Problem details: The required output is the exact text of the lines from the line containing "Lois Lane 2019 Series #5" through the final line below, inclusive, without pictures.

[Source records Boundary: Start]

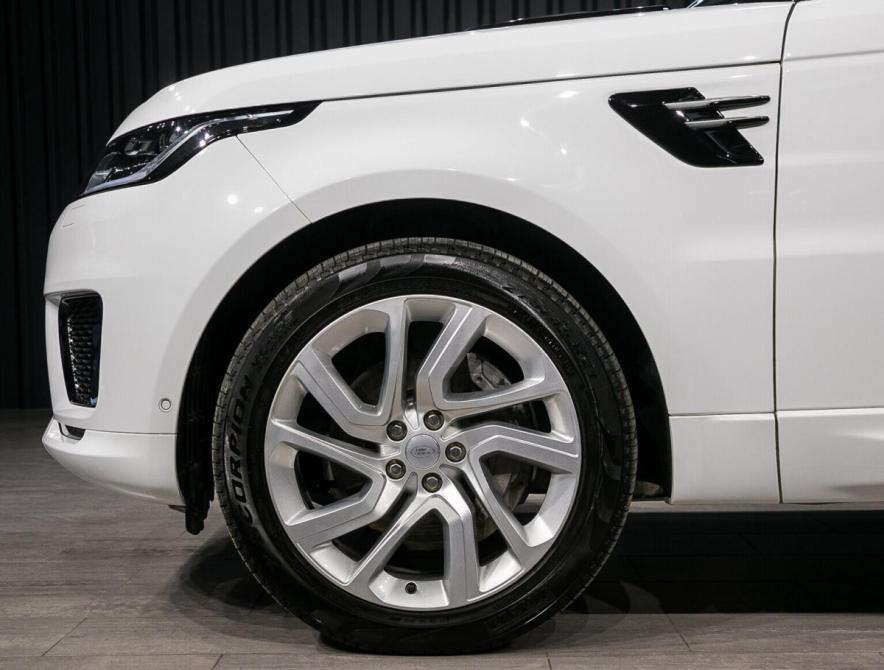 Land Rover Range Rover Sport II Рестайлинг Иркутск  - изображение 11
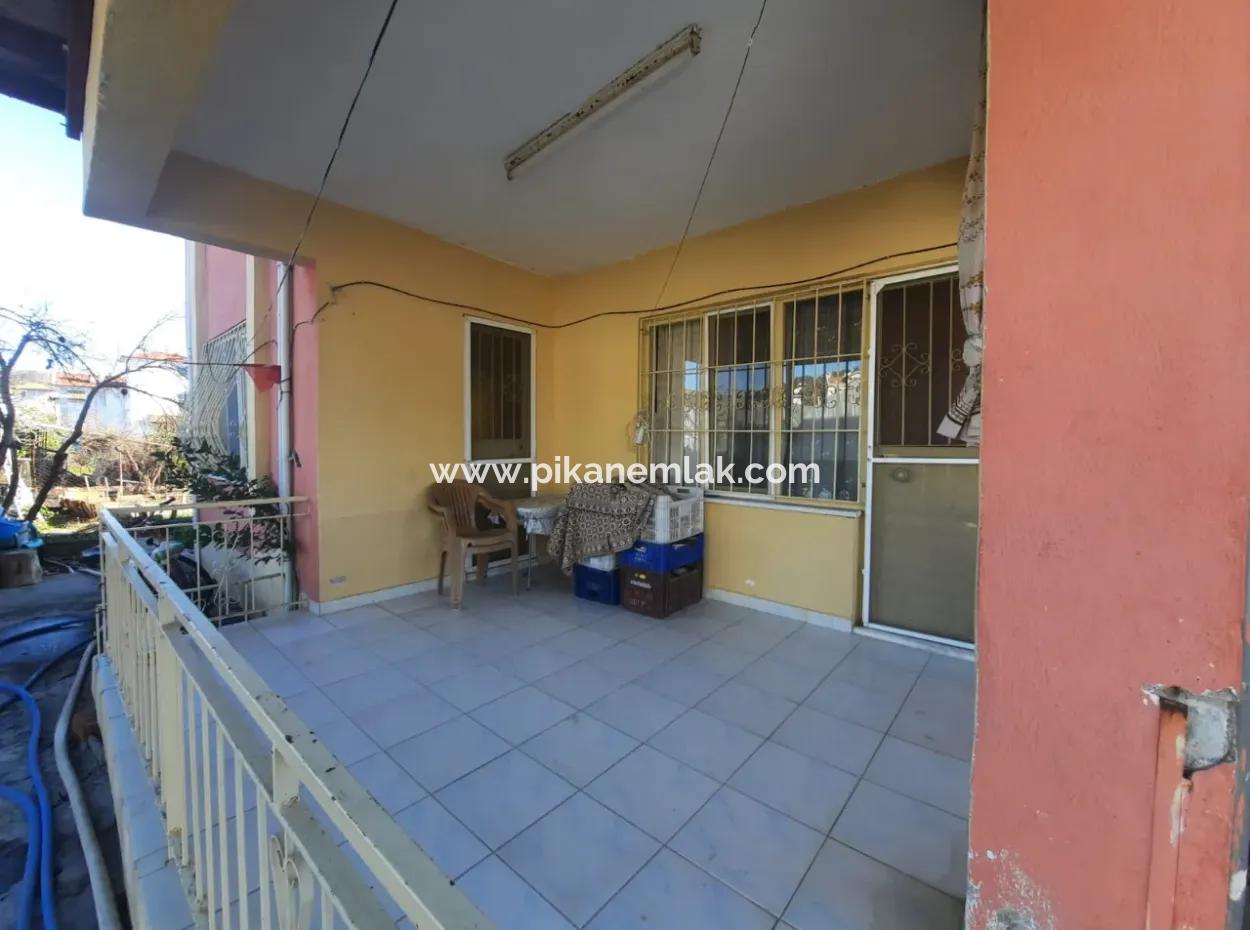 Mugla Ortaca Yerbelen 2 +1-Item Ground Floor Apartment For Rent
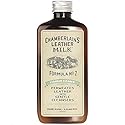 Leather Milk Leather Cleaner - Straight Cleaner No. 2 - All Natural, Non-Toxic Deep Cleaner Made in The USA. 2 Sizes. Includes Premium Cleaning Pad!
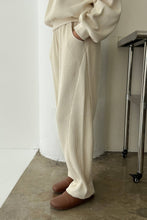 Load image into Gallery viewer, Waffle Lo Pants - Naturel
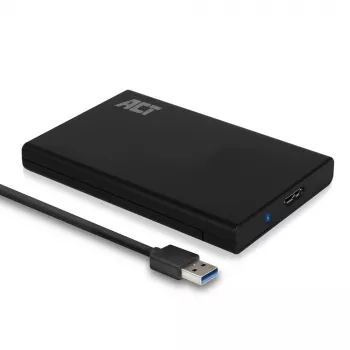 ACT AC1215 belaikis 2,5 colio SATA HDD/SSD korpusas USB 3.2 Gen1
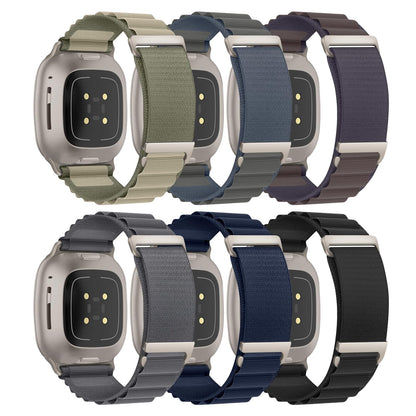 6 Pack Sport Band Compatible with Apple Watch Ultra 2 Band 49mm 46mm 45mm 44mm 42mm for Men Women, Breathable Nylon Trail Loop and Alpine Loop for iWatch Ultra 3/Ultra/Series 11 10 9 8 7 6 5 4 3 SE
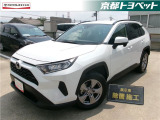 プラチナホワイトパールのRAV4入荷しました。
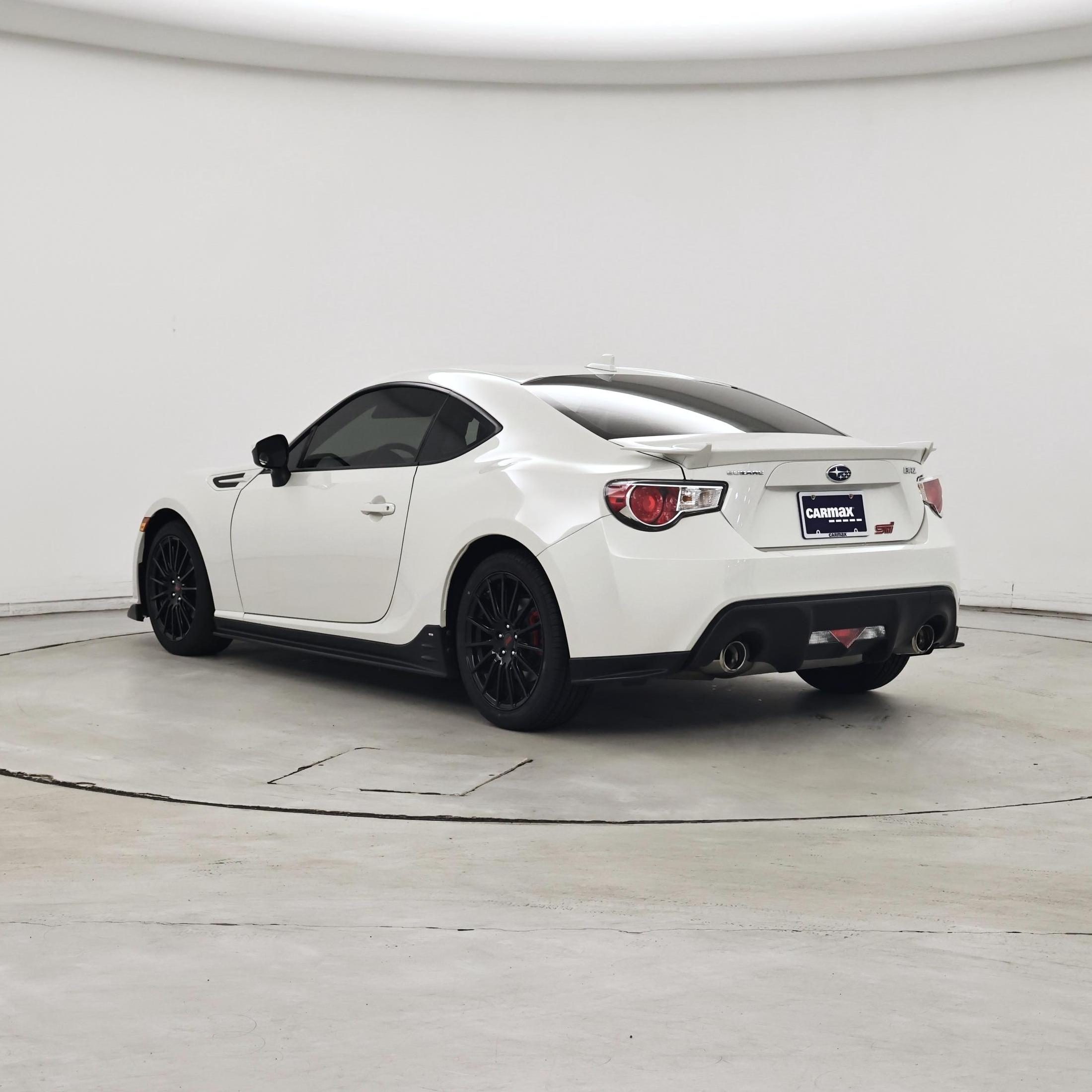 Thumbnail: 2015 Subaru BRZ - 2
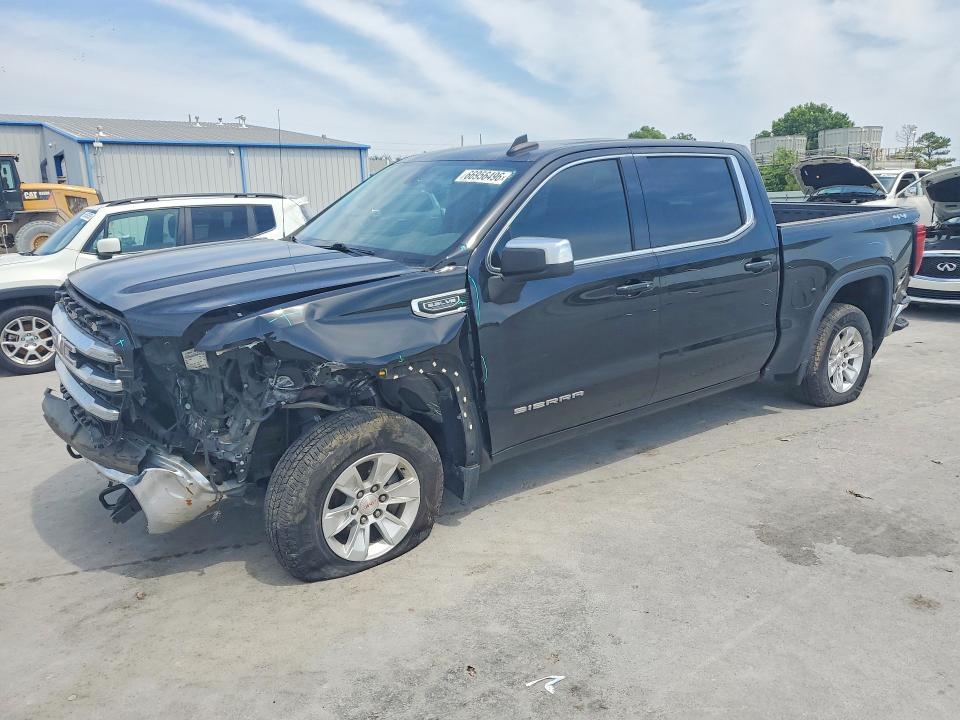 Продажа на аукционе авто 2021 Gmc Sierra, vin: 3GTU9BED8MG201290, номер лота: 66956496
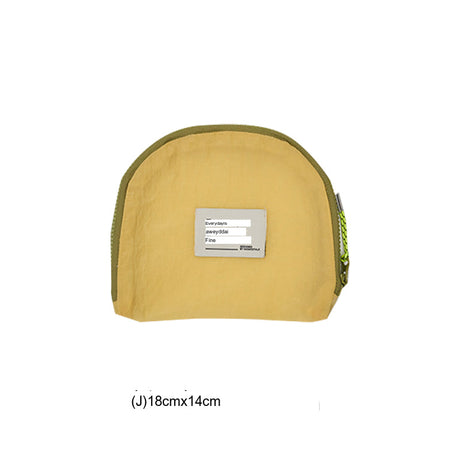 MOMO'S TALK Sapporo Lightweight Waterproof Storage Bag from MOMO'S TALK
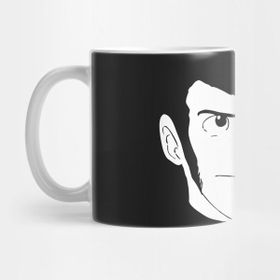 Pixxa Lupin The Third Kupa Bardak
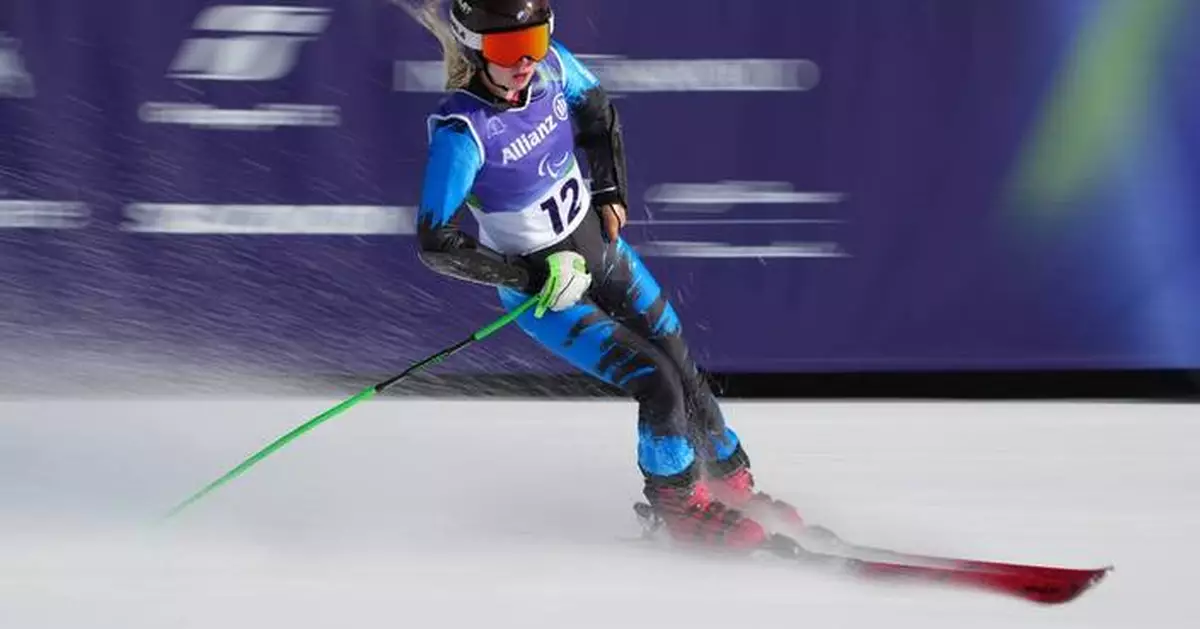 Russian anthem to ring out at Paralympics for first time in 12 years after Voronchikhina takes gold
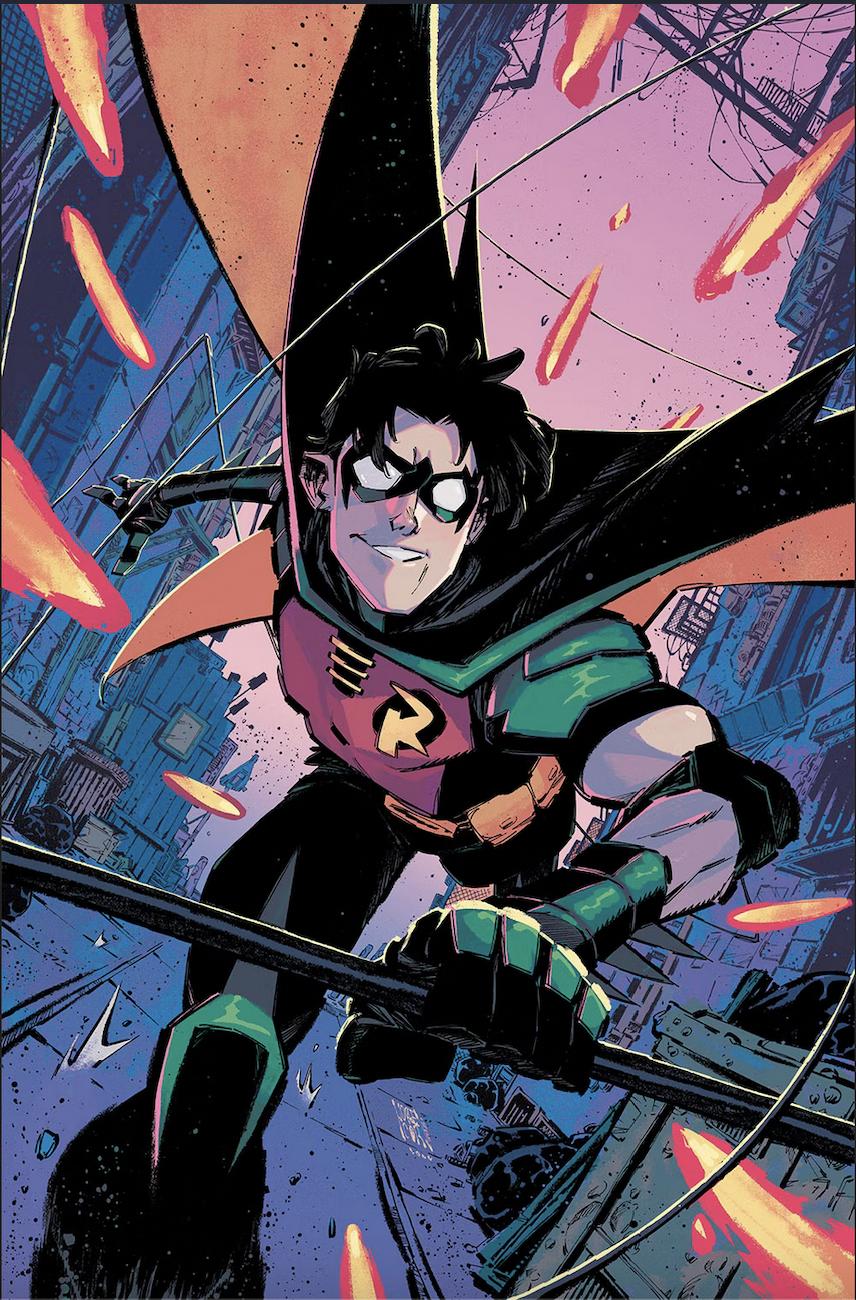 Tim Drake Wallpapers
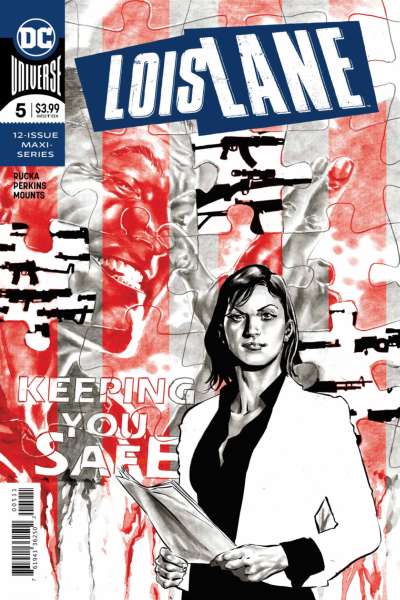 Lois Lane 2019 Series #5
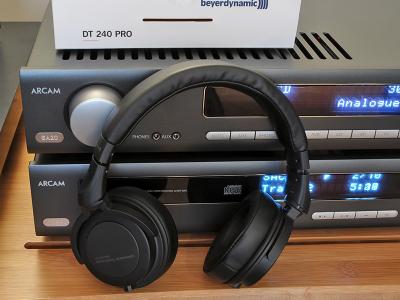 Beyerdynamic In-Ear Audio Monitor  - DT240 Pro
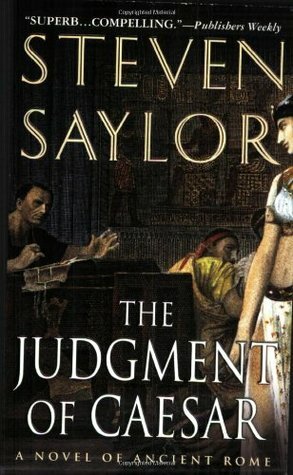 The Judgment of Caesar by Steven Saylor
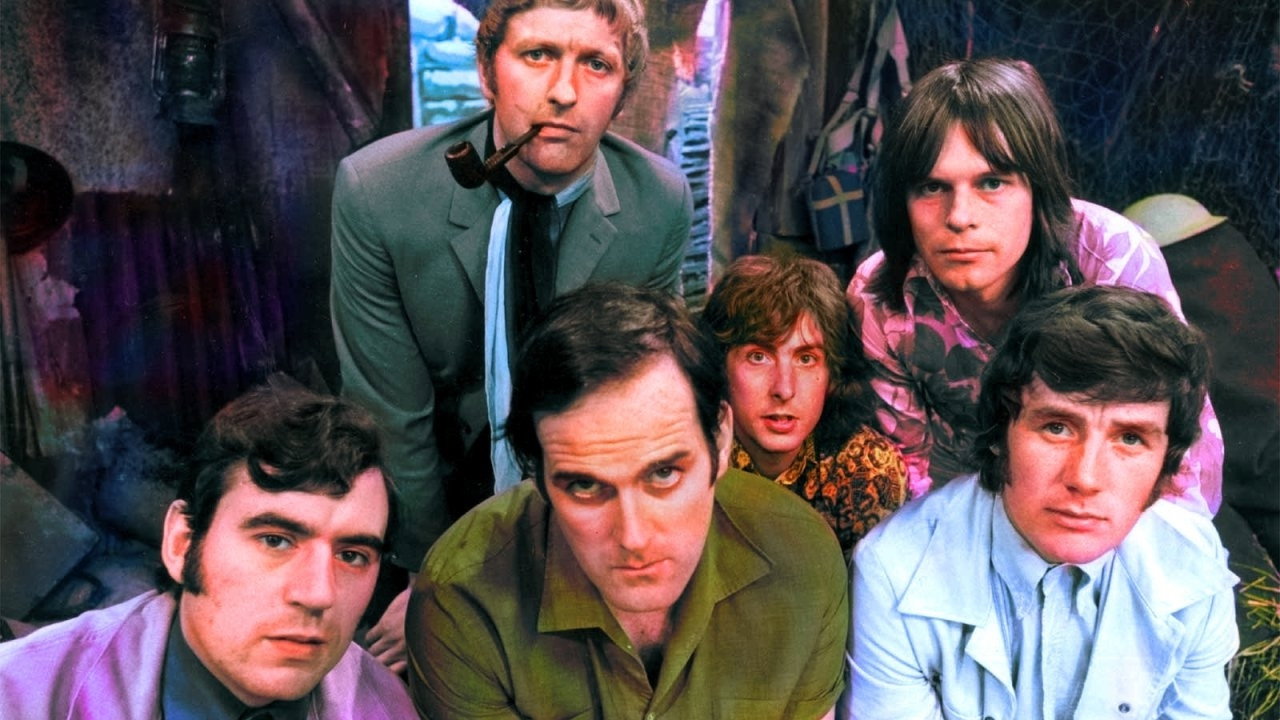 Monty Python's Flying Circus's poster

[Source records Boundary: End]

Response:
 Lois Lane 2019 Series #5
 Beyerdynamic In-Ear Audio Monitor  - DT240 Pro
 The Judgment of Caesar by Steven Saylor
 Monty Python's Flying Circus's poster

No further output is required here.